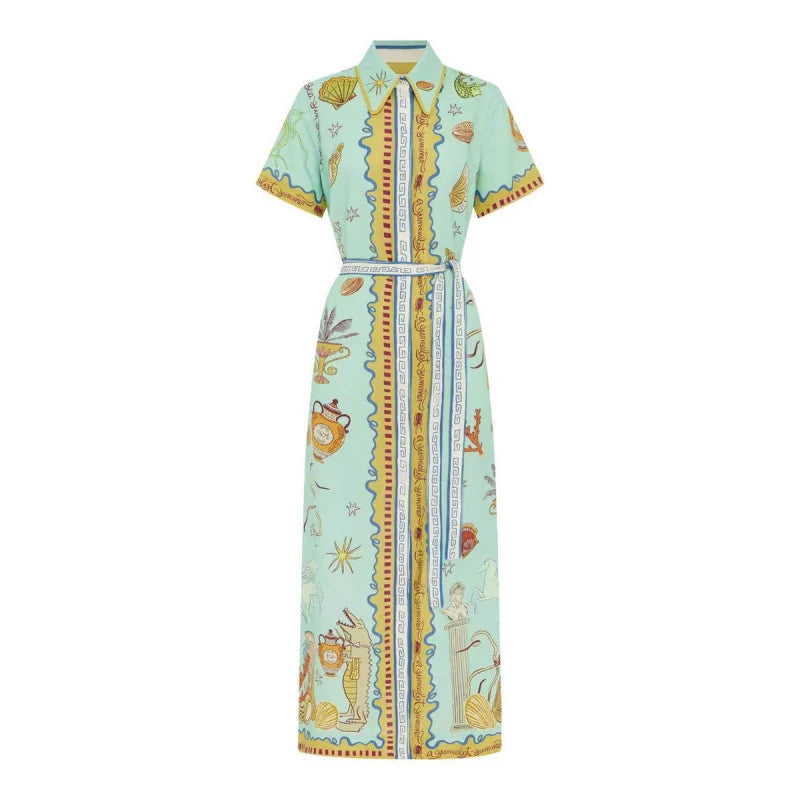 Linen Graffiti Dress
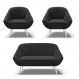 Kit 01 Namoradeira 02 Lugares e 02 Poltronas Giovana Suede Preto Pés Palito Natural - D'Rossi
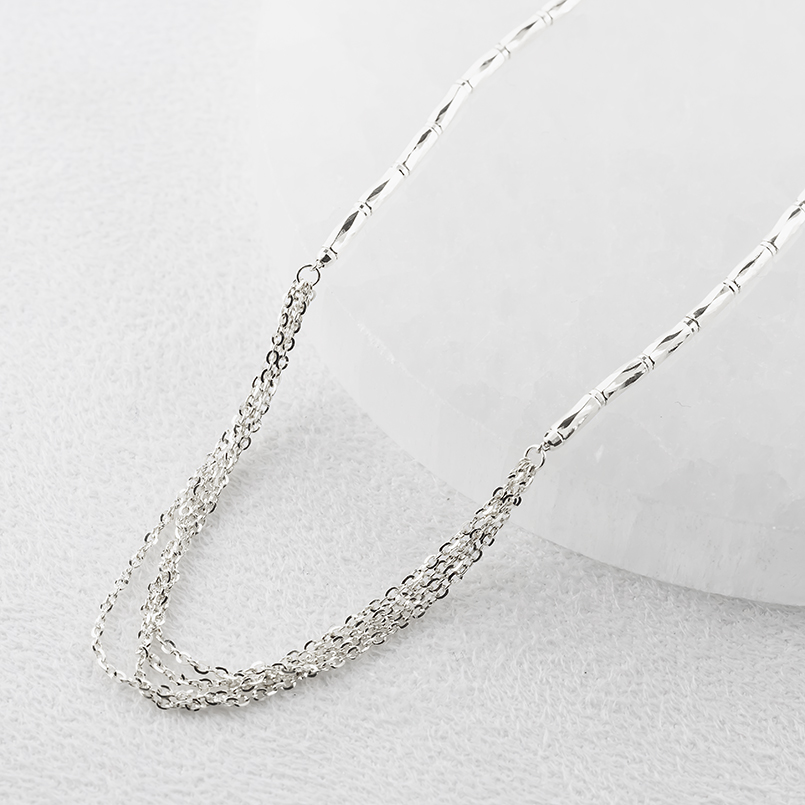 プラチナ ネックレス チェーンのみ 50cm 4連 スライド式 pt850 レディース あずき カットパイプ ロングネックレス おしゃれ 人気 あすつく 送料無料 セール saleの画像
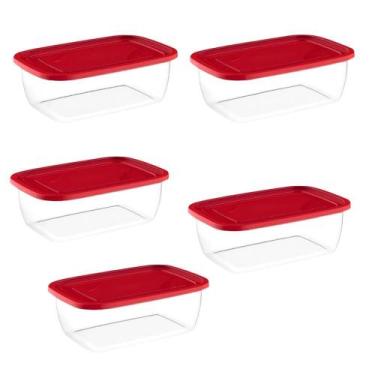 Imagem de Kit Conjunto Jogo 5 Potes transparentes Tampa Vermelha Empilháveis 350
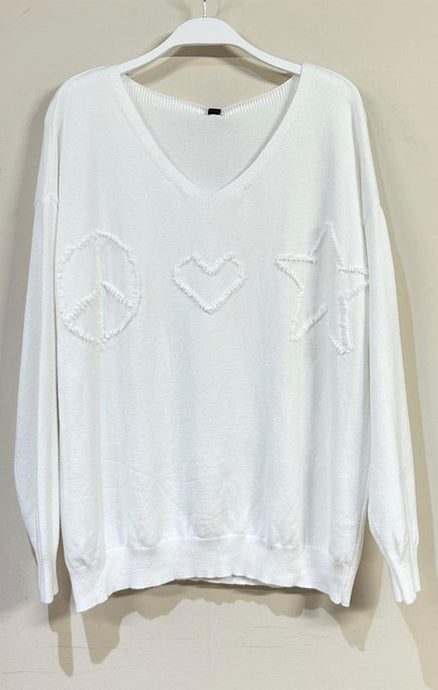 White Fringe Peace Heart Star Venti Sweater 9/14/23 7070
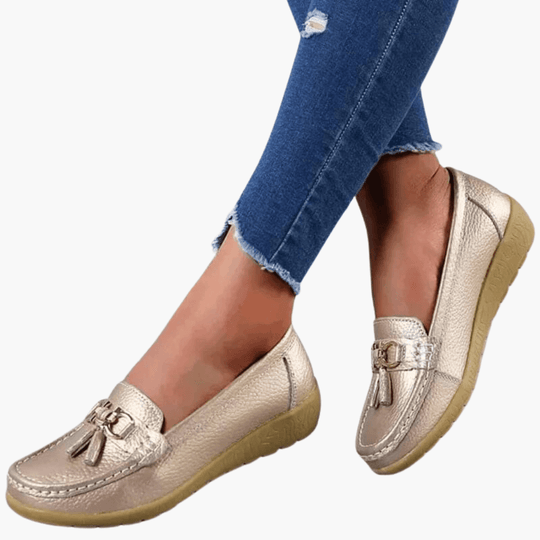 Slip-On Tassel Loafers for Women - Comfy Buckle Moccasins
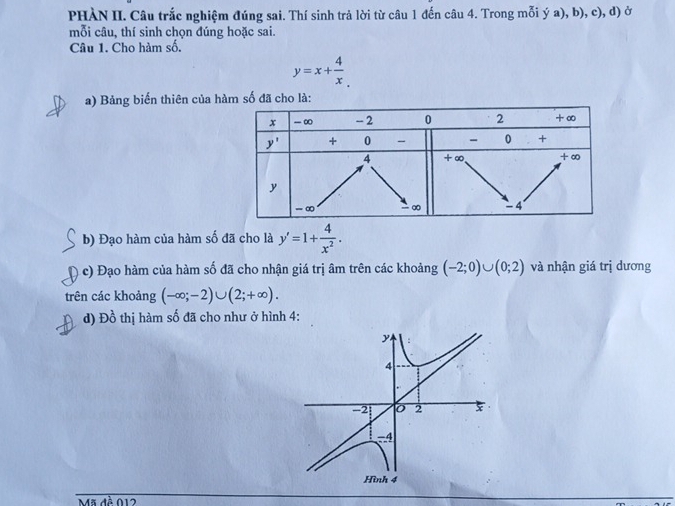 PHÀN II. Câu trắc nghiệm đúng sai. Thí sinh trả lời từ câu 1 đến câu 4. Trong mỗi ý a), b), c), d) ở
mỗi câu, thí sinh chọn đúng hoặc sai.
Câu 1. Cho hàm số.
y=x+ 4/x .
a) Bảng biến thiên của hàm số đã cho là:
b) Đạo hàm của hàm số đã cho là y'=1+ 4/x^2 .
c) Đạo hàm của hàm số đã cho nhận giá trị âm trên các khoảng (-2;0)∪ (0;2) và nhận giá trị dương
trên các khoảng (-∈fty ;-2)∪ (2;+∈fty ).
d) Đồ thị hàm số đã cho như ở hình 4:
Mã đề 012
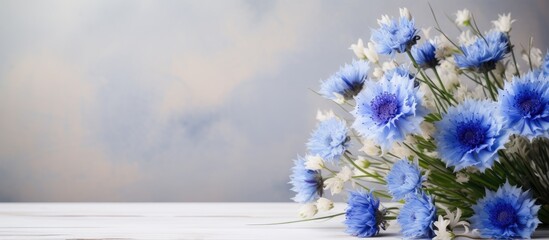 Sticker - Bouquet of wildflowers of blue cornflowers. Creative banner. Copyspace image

——

*Assigned task:*
Wherever the string "trên" is found in the entries, copy the line it sits in.

*Result below:*
c) Đạo hàm của hàm số đã cho nhận giá trị âm trên các khoảng (-2;0)∪ (0;2) và nhận giá trị dương
trên các khoảng (-∈fty ;-2)∪ (2;+∈fty ).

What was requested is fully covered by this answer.